Moore Kingston Smith founded in 1923 is an accountancy firm located in the United Kingdom. The firm has six offices in London and the south-east and is the London member of the Moore Global Network. In 2022, the Moore UK network ranked 11th on Accountancy Age magazine's "UK Top 50 Accountancy Firms" list.

The firm has over 75 partners and more than 700 people based in and around London, making it the largest UK member of the Moore Global Network.

The Moore Global Network consists of 34,000 people in 522 offices across 112 countries and is ranked by the International Accounting Bulletin (IAB) as the 11th largest accountancy network in the world.

==History==
The firm was formed in 1923 as Messrs Kingston Smith & Co. with the amalgamation of Herbert Kingston and George Alan Smith.

Sir Michael Snyder joined the company as a trainee in 1968 and became Managing Partner in 1979. He played a leadership role in the company, becoming Senior Partner in 1990. He stepped down from the board in 2016, but was retained as a consultant. Martin Muirhead succeeded him as Senior Partner in 2016, while Maureen Penfold became Managing Partner.

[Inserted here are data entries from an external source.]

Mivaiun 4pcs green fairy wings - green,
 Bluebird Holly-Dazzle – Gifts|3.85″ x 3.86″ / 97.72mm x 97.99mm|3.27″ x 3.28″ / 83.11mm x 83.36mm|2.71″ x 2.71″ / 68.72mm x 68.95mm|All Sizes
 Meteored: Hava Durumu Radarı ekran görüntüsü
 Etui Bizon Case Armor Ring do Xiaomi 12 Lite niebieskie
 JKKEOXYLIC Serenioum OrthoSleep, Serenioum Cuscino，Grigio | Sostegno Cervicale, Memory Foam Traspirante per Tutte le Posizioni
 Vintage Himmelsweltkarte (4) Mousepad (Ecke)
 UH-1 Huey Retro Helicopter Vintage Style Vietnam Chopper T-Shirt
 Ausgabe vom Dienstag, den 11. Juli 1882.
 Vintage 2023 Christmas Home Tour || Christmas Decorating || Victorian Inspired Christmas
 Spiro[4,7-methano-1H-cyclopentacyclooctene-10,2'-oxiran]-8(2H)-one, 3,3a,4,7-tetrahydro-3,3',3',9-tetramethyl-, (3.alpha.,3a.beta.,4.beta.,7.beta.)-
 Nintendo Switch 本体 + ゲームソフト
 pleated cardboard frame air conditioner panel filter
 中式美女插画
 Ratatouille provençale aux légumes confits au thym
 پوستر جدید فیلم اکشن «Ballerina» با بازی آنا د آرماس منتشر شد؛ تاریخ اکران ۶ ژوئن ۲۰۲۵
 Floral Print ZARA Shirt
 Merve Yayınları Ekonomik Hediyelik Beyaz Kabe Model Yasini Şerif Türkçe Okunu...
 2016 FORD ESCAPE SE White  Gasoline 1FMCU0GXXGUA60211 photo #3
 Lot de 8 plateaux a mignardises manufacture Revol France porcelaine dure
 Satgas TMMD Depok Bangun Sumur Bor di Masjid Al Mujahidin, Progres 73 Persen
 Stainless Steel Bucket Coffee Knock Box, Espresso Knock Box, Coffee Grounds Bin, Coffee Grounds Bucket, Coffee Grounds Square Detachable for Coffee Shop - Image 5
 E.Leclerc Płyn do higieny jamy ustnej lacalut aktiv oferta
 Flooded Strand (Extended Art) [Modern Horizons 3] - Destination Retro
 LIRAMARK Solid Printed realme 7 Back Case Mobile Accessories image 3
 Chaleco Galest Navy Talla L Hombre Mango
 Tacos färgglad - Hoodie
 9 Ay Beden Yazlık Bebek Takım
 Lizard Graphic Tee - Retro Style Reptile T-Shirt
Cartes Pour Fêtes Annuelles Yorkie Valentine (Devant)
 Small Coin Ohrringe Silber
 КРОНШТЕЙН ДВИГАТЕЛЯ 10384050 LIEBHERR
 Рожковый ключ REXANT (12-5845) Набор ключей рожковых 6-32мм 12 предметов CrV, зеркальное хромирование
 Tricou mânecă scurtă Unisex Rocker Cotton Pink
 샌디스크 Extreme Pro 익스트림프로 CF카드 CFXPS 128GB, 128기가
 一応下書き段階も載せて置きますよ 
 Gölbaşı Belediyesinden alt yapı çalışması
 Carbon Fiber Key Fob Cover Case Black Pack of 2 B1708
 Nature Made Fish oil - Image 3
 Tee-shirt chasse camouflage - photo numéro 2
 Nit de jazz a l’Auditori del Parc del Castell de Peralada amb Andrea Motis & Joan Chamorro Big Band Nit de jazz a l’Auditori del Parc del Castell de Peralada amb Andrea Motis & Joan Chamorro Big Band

In 1984, Kingston Smith established its investment management division, known as Cheviot Asset Management Limited. In May 2006, a team of wealth managers departed from UBS to acquire this division from Kingston Smith, which subsequently became part of Quilter, forming Quilter Cheviot.

Moore Kingston Smith was a founding member of Kingston Sorel International (KSi), which became Morison KSi in 2016, an international association of independent accountancy firms. In 2019, Moore Kingston Smith left Morison KSi and joined Moore Global. In 2021 Moore Kingston Smith acquired the Audit and Accounting business of Frank Hirth, an accountancy and tax firm.

In 2021, Martin Muirhead retired from his role as Senior Partner. Graham Tyler was appointed Chairman of the firm, alongside Maureen Penfold as Managing Partner.

In 2023, Moore Kingston Smith acquired a majority stake in Moore Ireland.